The Trylon and Perisphere loom over Horace Harding Blvd. (present site of the Long Island Expressway) in 1939. The Schaefer Beer exhibit (far left) and Virginia Pavilion (dome) also appear. The Trylon and Perisphere were designed by the architectural firm of Harrison & Foulihoux and reflected the emphasis on purity embodied by industrial designers of the day. Ostensibly perfect forms, they were the only structures in the fair permitted to be painted pure white. The 618-foot Trylon and 180-foot were connected by a giant ramp called the Helicline, which led visitors back to the grounds once they’d visited the structures. Fairgoers entered the interior of the Theme Center by riding a portion of the way up the Trylon in what was, at the time, the world’s largest escalator.
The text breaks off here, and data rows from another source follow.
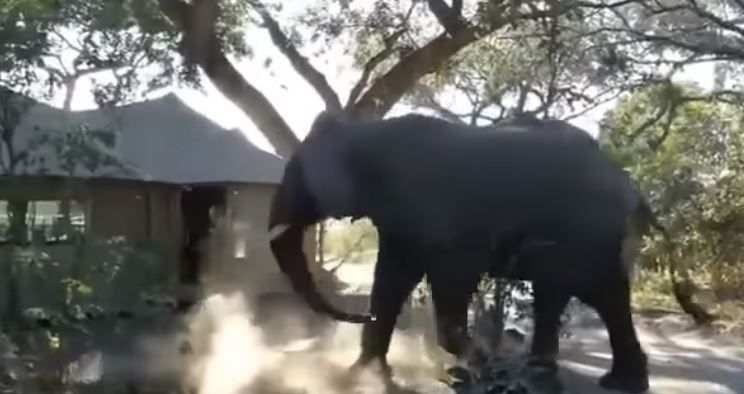 Video of elephants roaming inside hospital stuns viewers Video of elephants roaming inside hospital stuns viewers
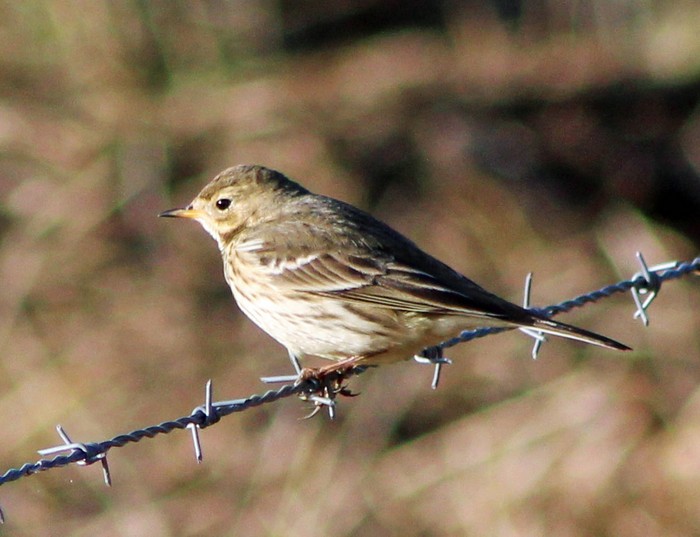 American Buff-bellied Pipit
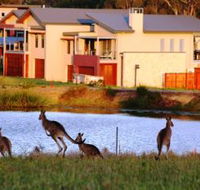 Grand Mercure The Vintage Hunter Valley - Broome Tourism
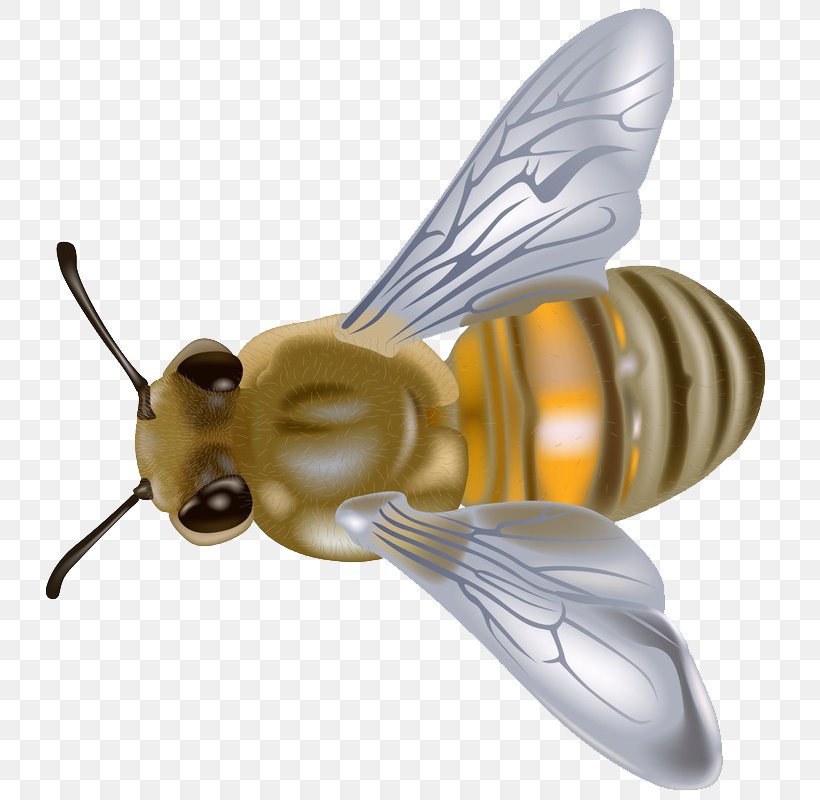 Western Honey Bee Clip Art, PNG, 749x800px, Western Honey Bee, Arthropod, Bee, Fly, Free Content Download Free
From the Trylon visitors were directed into the Perisphere to view what architectural expert Stanley Applebaum called “a planned urban and exurban complex of the future,” a diorama which filled the floor of the building, entitled Democracity.
Photo from New York, Empire City 1920-1945, David Stravitz, Harry N. Abrams 2004
There are more Trylons and Perispheres on earth than were dreamt of in my philosophy. Attached brick houses like these, with modest front gardens, are a staple of Queens residential housing in Rego Park, Glendale, and Forest Hills. But the developer of these buildings remembered the World’s Fair. He placed concrete carvings of the Trylon and Perisphere on the pediments above the entrances on at least two of the houses on 62nd Dr. between 102nd St. and Yellowstone Blvd. And those are the only two I saw; there may be more. I found others, elsewhere in Forest Hills, too, which we will see later.
I headed south on 102nd St., where I found Stephen A. Halsey Junior High School (now an “intermediate” school). It was interesting to find a tribute to Halsey here; he’s better known in the history books for his association with Astoria, whose pedigree dates to the mid-1600s, when William Hallett received a grant for the area surrounding what is now Hallett’s Cove by Peter Stuyvesant. However, the oldest structures in the region date to the mid-1800s, after fur merchant Stephen Ailing Halsey incorporated the village in 1839.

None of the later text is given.